Graduate Collaborative Training base of Hunan Cancer Hospital, Hengyang Medical School, University of South China, Hengyang, Hunan, China.
Department of Diagnostic Radiology, The Affiliated Cancer Hospital of Xiangya School of Medicine & Hunan Cancer Hospital, Central South University, Changsha, Hunan, China.
Med Phys. 2024 Jun;51(6):4219-4230. doi: 10.1002/mp.17037. Epub 2024 Mar 20.
Pulmonary sclerosing pneumocytoma (PSP) and pulmonary carcinoid (PC) are difficult to distinguish based on conventional imaging examinations. In recent years, radiomics has been used to discriminate benign from malignant pulmonary lesions. However, the value of radiomics based on computed tomography (CT) images to differentiate PSP from PC has not been well explored.
We aimed to investigate the feasibility of radiomics in the differentiation between PSP and PC.
Fifty-three PSP and fifty-five PC were retrospectively enrolled and then were randomly divided into the training and test sets. Univariate and multivariable logistic analyses were carried to select clinical predictor related to differential diagnosis of PSP and PC. A total of 1316 radiomics features were extracted from the unenhanced CT (UECT) and contrast-enhanced CT (CECT) images, respectively. The minimum redundancy maximum relevance and the least absolute shrinkage and selection operator were used to select the most significant radiomics features to construct radiomics models. The clinical predictor and radiomics features were integrated to develop combined models. Two senior radiologists independently categorized each patient into PSP or PC group based on traditional CT method. The performances of clinical, radiomics, and combined models in differentiating PSP from PC were investigated by the receiver operating characteristic (ROC) curve. The diagnostic performance was also compared between the combined models and radiologists.
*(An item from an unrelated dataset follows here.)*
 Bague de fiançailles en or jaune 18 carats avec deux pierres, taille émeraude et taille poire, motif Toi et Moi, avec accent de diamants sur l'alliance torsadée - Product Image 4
In regard to differentiating PSP from PC, the area under the curves (AUCs) of the clinical, radiomics, and combined models were 0.87, 0.96, and 0.99 in the training set UECT, and were 0.87, 0.97, and 0.98 in the training set CECT, respectively. The AUCs of the clinical, radiomics, and combined models were 0.84, 0.92, and 0.97 in the test set UECT, and were 0.84, 0.93, and 0.98 in the test set CECT, respectively. In regard to the differentiation between PSP and PC, the combined model was comparable to the radiomics model, but outperformed the clinical model and the two radiologists, whether in the test set UECT or CECT.
Radiomics approaches show promise in distinguishing between PSP and PC. Moreover, the integration of clinical predictor (gender) has the potential to enhance the diagnostic performance even further.
在常规影像学检查中,肺硬化性血管平滑肌脂肪瘤(PSP)和肺类癌(PC)难以区分。近年来,放射组学已被用于鉴别良恶性肺部病变。然而,基于 CT 图像的放射组学鉴别 PSP 与 PC 的价值尚未得到充分探索。
旨在研究放射组学在 PSP 与 PC 鉴别中的可行性。
回顾性纳入 53 例 PSP 和 55 例 PC,并随机分为训练集和测试集。进行单变量和多变量逻辑分析,以选择与 PSP 和 PC 鉴别诊断相关的临床预测因素。分别从平扫 CT(UECT)和增强 CT(CECT)图像中提取 1316 个放射组学特征。采用最小冗余最大相关性和最小绝对收缩和选择算子选择对鉴别 PSP 和 PC 最有意义的放射组学特征,构建放射组学模型。将临床预测因素和放射组学特征相结合,构建联合模型。两名资深放射科医生根据传统 CT 方法将每位患者独立分类为 PSP 或 PC 组。采用受试者工作特征(ROC)曲线评价临床、放射组学和联合模型在鉴别 PSP 与 PC 中的性能。并比较联合模型与放射科医生的诊断性能。
在鉴别 PSP 与 PC 方面,训练集 UECT 中临床、放射组学和联合模型的曲线下面积(AUC)分别为 0.87、0.96 和 0.99,训练集 CECT 中分别为 0.87、0.97 和 0.98。测试集 UECT 中临床、放射组学和联合模型的 AUC 分别为 0.84、0.92 和 0.97,测试集 CECT 中分别为 0.84、0.93 和 0.98。在鉴别 PSP 与 PC 方面,联合模型与放射组学模型相当,但优于临床模型和两名放射科医生,无论是在测试集 UECT 还是 CECT 中。
放射组学方法在鉴别 PSP 和 PC 方面具有潜力。此外,将临床预测因素(性别)纳入其中可能进一步提高诊断性能。